QUESTION: Richard, is there any chance in exploring with the United Nations and other groups the possibility of implementing a similar type program that you've just spoken about Iraq with Iranian scientists, and also, perhaps, with Hans Blix and Mr. ElBaradei?
MR. BOUCHER: I've not heard any discussion about it at this point.
QUESTION: Richard, do you have any expectations on how long it may take Iran to ratify the additional protocol? Have they given any indications to the IAEA about when that may happen?
MR. BOUCHER: Not that I'm aware of, but you'd have to ask the Iranians about that. I've seen, I think, some quotes today from Iranians in Vienna, but didn't contain that information.
QUESTION: Can you update us on Jim Baker, James Baker's mission in Europe? And can you tell us whether he has any plans to go anywhere else?
MR. BOUCHER: You keep limiting my options here to answer your questions. I was just about to tell you Houston, but no, I don't have anything beyond Houston. At this point, we don't have anything to announce on Secretary Baker's further travel.
As you know, he's had very productive meetings with Italian Prime Minister Berlusconi yesterday and with Prime Minister Blair of the United Kingdom today. We certainly welcome the statements that both prime ministers have made supporting substantial debt reduction for Iraq in the Paris Club in 2004. He's now in Russia, his last stop overseas before he returns home.
QUESTION: Could you (inaudible) on that? Can you go into the Saudi Advisory a little bit? Do you happen to know this early in the game if people are picking up on the opportunity to leave at government expense? And, you know, anything you could add to the statement yesterday as to what brought this about -- the general climate or something new and threatening?
MR. BOUCHER: The Advisory permits employees who want to leave -- non-emergency employees and eligible family members -- to take this opportunity to leave Saudi Arabia if they choose to do so. This Authorized Departure gets reevaluated every 30 days, so we look at that, at that status every 30 days. And I would add that we are advising Americans, private Americans who are currently in Saudi Arabia, to carefully evaluate their own security situations and to consider departing at this time as well.
The Advisory was issued based on the credible threat information that prompted our earlier travel warnings, and a continuation of that threat. We're always looking at the threat environment in any given country. We're quite aware of the very active effort that Saudi Arabia has mounted against terrorist cells and terrorists since earlier this year, in particular, since May 12th, the bombing in Saudi Arabia.

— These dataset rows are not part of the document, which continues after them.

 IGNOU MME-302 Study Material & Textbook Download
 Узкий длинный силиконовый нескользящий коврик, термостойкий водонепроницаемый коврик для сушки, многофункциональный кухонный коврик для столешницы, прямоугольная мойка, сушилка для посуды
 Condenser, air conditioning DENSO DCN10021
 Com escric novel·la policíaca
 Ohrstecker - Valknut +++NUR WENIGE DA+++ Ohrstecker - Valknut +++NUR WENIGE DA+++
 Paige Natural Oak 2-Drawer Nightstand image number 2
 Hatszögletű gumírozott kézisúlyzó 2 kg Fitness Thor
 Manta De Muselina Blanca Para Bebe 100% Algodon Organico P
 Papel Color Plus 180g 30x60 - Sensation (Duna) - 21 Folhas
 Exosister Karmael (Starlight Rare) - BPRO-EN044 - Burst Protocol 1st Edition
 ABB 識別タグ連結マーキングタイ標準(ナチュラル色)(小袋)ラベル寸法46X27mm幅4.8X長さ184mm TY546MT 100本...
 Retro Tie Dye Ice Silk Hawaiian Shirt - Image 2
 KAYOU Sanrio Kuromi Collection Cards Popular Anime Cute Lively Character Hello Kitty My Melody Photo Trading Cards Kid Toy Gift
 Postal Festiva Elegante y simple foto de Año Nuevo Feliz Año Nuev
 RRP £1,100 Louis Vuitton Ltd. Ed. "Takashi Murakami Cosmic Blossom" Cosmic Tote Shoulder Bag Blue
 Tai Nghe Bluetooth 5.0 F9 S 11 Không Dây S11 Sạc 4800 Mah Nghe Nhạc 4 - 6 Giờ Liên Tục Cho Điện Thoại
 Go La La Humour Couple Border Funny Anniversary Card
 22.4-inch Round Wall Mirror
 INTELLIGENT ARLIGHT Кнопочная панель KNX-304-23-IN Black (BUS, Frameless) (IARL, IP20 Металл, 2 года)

We certainly appreciate that effort. They have indeed been able to round up and knock out a number of terrorist cells that were in Saudi Arabia, and that makes people safer, but we also know and they know that there are others who still may be hiding, who still may be there who will have intentions to attack Americans, Westerners, diplomats and even private people, and who carried out terrible bombings that killed many Arabs and others as well.
So we just felt that in light of the continuation of that threat, that it was prudent at this time to offer our employees this opportunity, for non-emergency employees and their family members to depart if they wanted to.
QUESTION: Do you happen to know if -- how the offer is going?
MR. BOUCHER: I don't know if any have left yet. I'm sure many -- some are making plans. We will not be in a position to give you any numbers just for security reasons. We don't want anybody counting how many potential American targets there are in any given location.
QUESTION: On this, Richard, do you recall when the last authorized departure was lifted? I believe it was put in place in May after the bombing. How long had these people been not covered by -- not covered by the program?
MR. BOUCHER: Yeah. I don't recall. And I was just trying to see if it was back there somewhere. I'll have to get that information for you.
QUESTION: Yes, Turkish Foreign Minister yesterday, he announced that they will release the new Turkish Government Cyprus plan next week. At the same time, Mr. Weston is in the island right now and he said that he made, at the press conference, and he said that the only solution in the Cyprus problem is the --
MR. BOUCHER: Excuse me. Okay, go ahead.
QUESTION: Only solution is the Annan plan. Is it means is the U.S. doesn't support any other than the Annan plan for the Cyprus?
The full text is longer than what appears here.